= Joseph Chiwatenhwa =

Early Christian convert in Canada

Joseph Chiwatenhwa (spelled Chihwatenhaw in some sources) is among the first believers of the indigenous peoples of Canada who accepted the Christian faith through the missionary and evangelistic work of the French Province of the Society of Jesus in the 17th century.

==Biography==
The Jesuits established their first missions in Canada in the early decades of the 1600s and were assisted in Huronia by a number of new believers, among whom were Joseph Chiwatenhwa and his wife Marie Aonnetta, in addition to his brother Joseph and other members of the family. Chiwatenhwa was "deeply moved" by the Christian teachings of the Jesuit missionaries in 1636 when he first encountered them, despite the fact that others of his Wendat (Huron) tribe blamed these missionaries for the epidemics that had broken out in Wendat lands. Chiwatenhwa was also motivated by a desire to learn what was perceived to be Jesuit sorcery.

Chiwatenhwa himself fell sick; after his recovery, however, he was baptized, on August 16, 1637, by Father Jean de Brébeuf, and given the Christian name Joseph. His wife, Aonetta, was baptized on March 19, 1638; her Christian name was Marie. Their marriage was blessed on the same day; this was the first Catholic wedding in Wendat territory. Joseph became the first lay administrator in the Catholic Church in Canada, in 1639. He helped the Jesuits translate hymns and prayers from French into Wendat. He was impressed with the teachings of Saint Ignatius and the Spiritual Exercises in particular. During his eight-day silent retreat, he composed a prayer about Jesus: "You love us so deeply that all I can do in return is to offer myself to you. I chose you as my elder and chief. There is no one else." In adopting his new faith, Joseph drew on many of the spiritual and cultural teachings of his people; he entered the Catholic Church as a Wendat. This helped him spread the gospel to many members of his family and tribe.

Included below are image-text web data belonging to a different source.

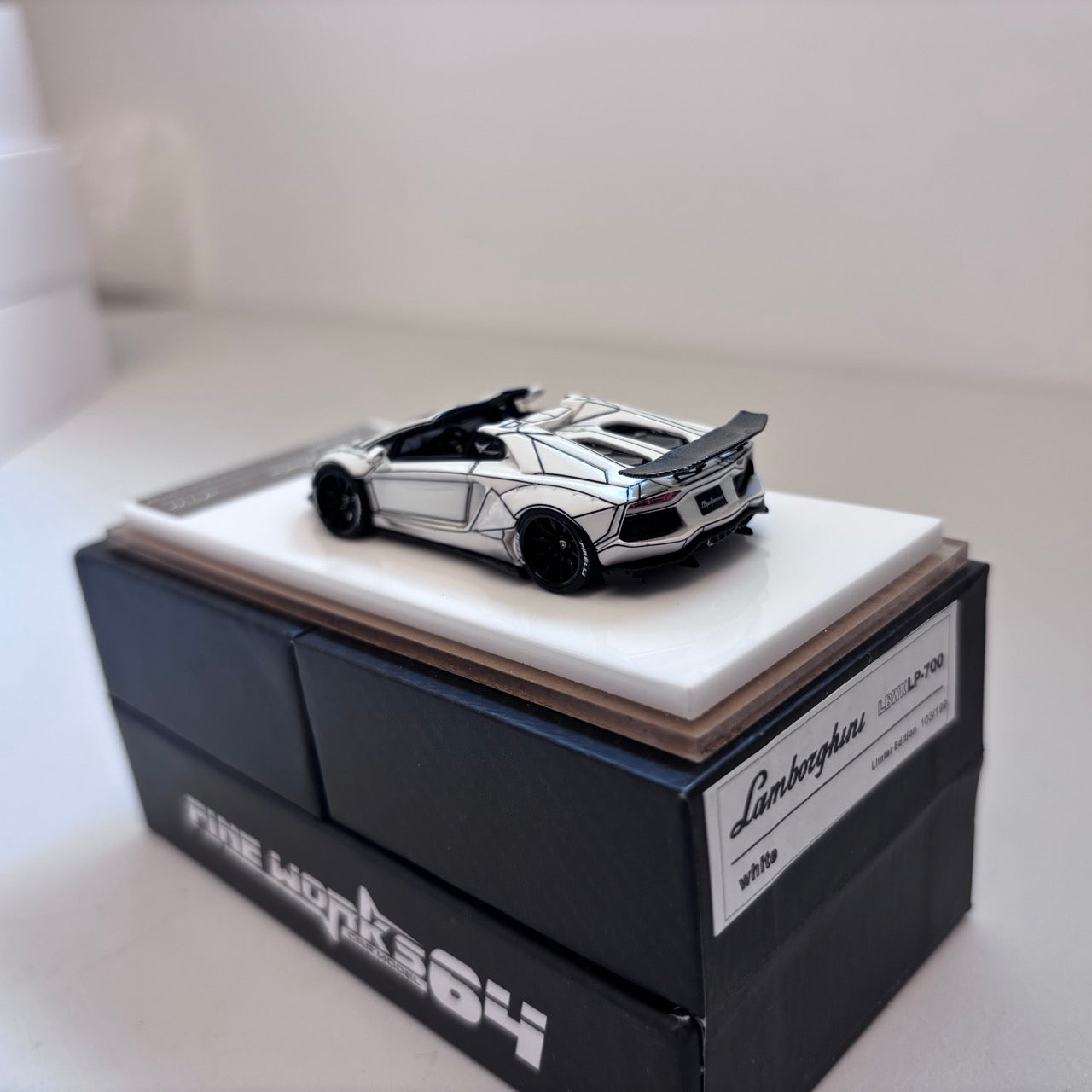 [3 Cars Bundle] Mini GT 1:64 Porsche 911 GT3 R #77 AO Racing 2025 IMSA Petit Le Mans in Paper Box Packaging (MGT01143-CH)  + [Premium Resin Model] Fine Works 1:64 Aventador LP700-4 White Black Panel Lines + DCM 1:64 RWB 993 Duck Tail Green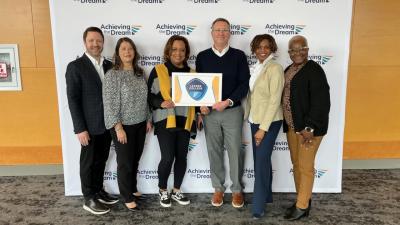 Wake Tech officials pose with the college's Leader College plaque.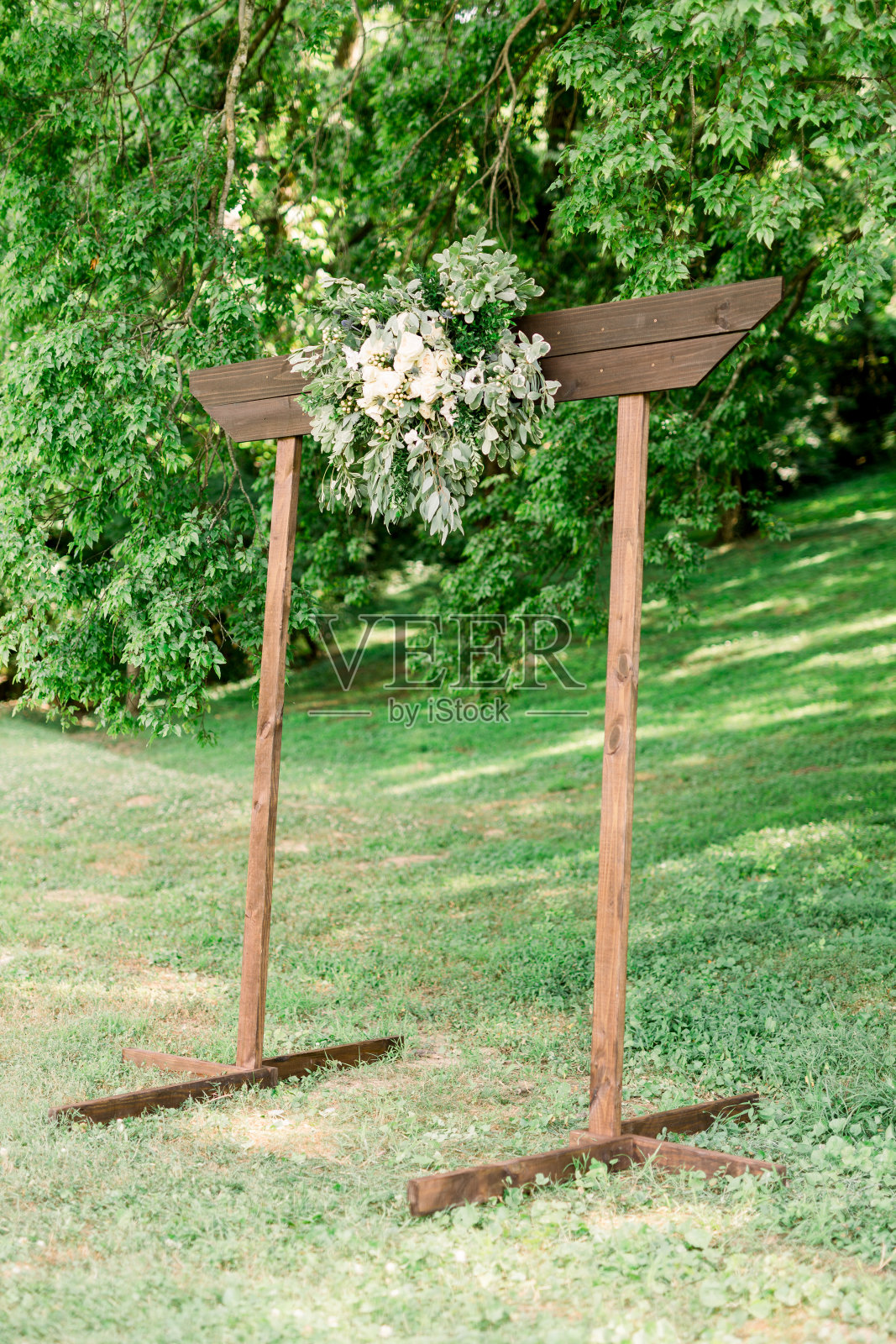 简单的婚礼拱门，由白色玫瑰和绿叶组成，设置在一个以灌木丛为背景的公园里。照片摄影图片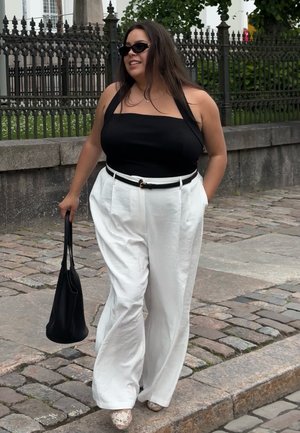 Top sin mangas negro, pantalones anchos blancos con un cinturón negro, llevando un bolso negro. Combinado con zapatos de diseño ligero. Fuera, sobre adoquines.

Joseph Chiwatenhwa was killed on August 2, 1640, aged 38. Gabriel Lalemant considered Chiwatenhwa a great catechist amongst his own people. Marie Guyart called Chiwatenhwa "the Apostle with the Apostles" for his energy and apostolic zeal. According to historian Bruce Trigger, he was murdered by other Wendat who "obviously loathed him as a sorcerer who had turned against his own people" but that this act was obscured by being blamed on the Seneca people.

After Joseph's martyrdom his family continued to be Christian, and more members of the Wendat nation were baptized into the Catholic Church. Chiwatenhwa may be beatified oblatio vitae, or free offering of one’s life. A miracle attributed to his intercession would have to be documented for his cause for canonization. Pope John Paul II said at Huronia that "the worthy traditions of the Indian tribes were strengthened and enriched by the Gospel message … not only is Christianity relevant to the Indian peoples, but Christ, in the members of his Body, is himself Indian."